Take, as a starting point, the fact that public expenditure on old-age benefits in the OECD is now on average above 8 percent of gross domestic product and steadily increasing. Japanese pension payments have doubled since 1990 to more than 10 percent GDP. Without that increase Japan would have a budget at or close to equilibrium today. Italy spends more than 15 percent of its GDP in pensions.

The proportion of GDP going to the elderly population naturally reflects the demographic trends of lower birth-rates as well as increased life expectancy. The portion of the population above 65 is now close to 20 percent in OECD countries and is expected to reach nearly 30 percent by 2050.

The demographic change has far-reaching implications for policy. The reallocation of resources in favor of the elderly has been such that poverty is now highest among the young. The 65-to-75 age group is now the least likely population segment to experience poverty while those in the 18-to-25 age group are the most likely to be poor.

Many OECD countries have taken measures "to make their systems more affordable in the long term,” such as increasing the retirement age in line with increased life expectancy or decreasing future pension indexation. But this is where political considerations trump budgetary strictures: This is the most powerful voter group in nearly every OECD country and it's clear politicians are determined to keep them happy.  

Source: OECD

Not only is the percentage of elderly population rising, but the voter participation rate of the elderly electorate is significantly higher than other age groups. Depending on the country, a 70-year-old is about four to five times more likely to vote than a 25-year-old.

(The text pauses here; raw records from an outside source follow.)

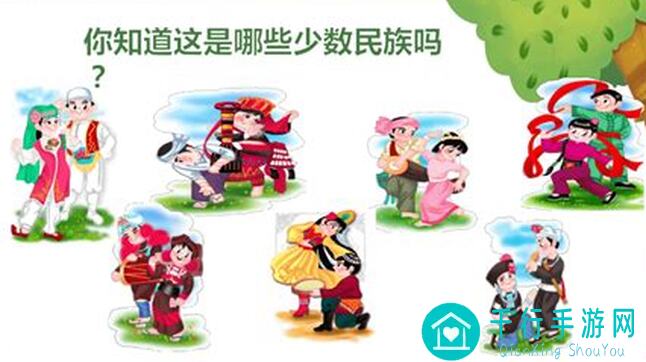 下一站江湖Ⅰ毒暗器百爆流全攻略！一把枪秒杀武当七截阵，单挑霸主心得大揭秘！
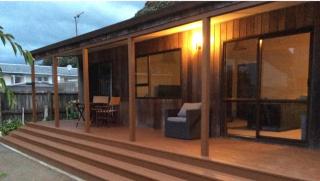 Pohutukawa Cottage - Ohope Beach - 9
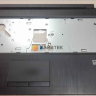 AP0TH000400 палмрест (верхняя часть корпуса) ноутбука Lenovo G50-70 оригинал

The compounded effect of a more numerous elderly population and a higher voter participation rate implies that in the next 20 to 30 years OECD countries would systematically have a majority of voters above the age of 65 at each election.

Government spending in the U.K. on pensions is nearly twice that spent on education (20 percent versus 11 percent), even though the elderly population is very slightly smaller than the percentage of the population under 15 (17.6 percent vs 16.98 percent). In his recent budgets Chancellor George Osborne protected pension spending while severely cutting most other spending areas. He also upheld the so-called “triple lock” stating that pensions cannot grow less than inflation, 2.5 percent or the average earnings growth, whichever is higher. This is one mechanism that explains what the OECD calls “systematic upward pressure on pensions spending as a share of GDP.”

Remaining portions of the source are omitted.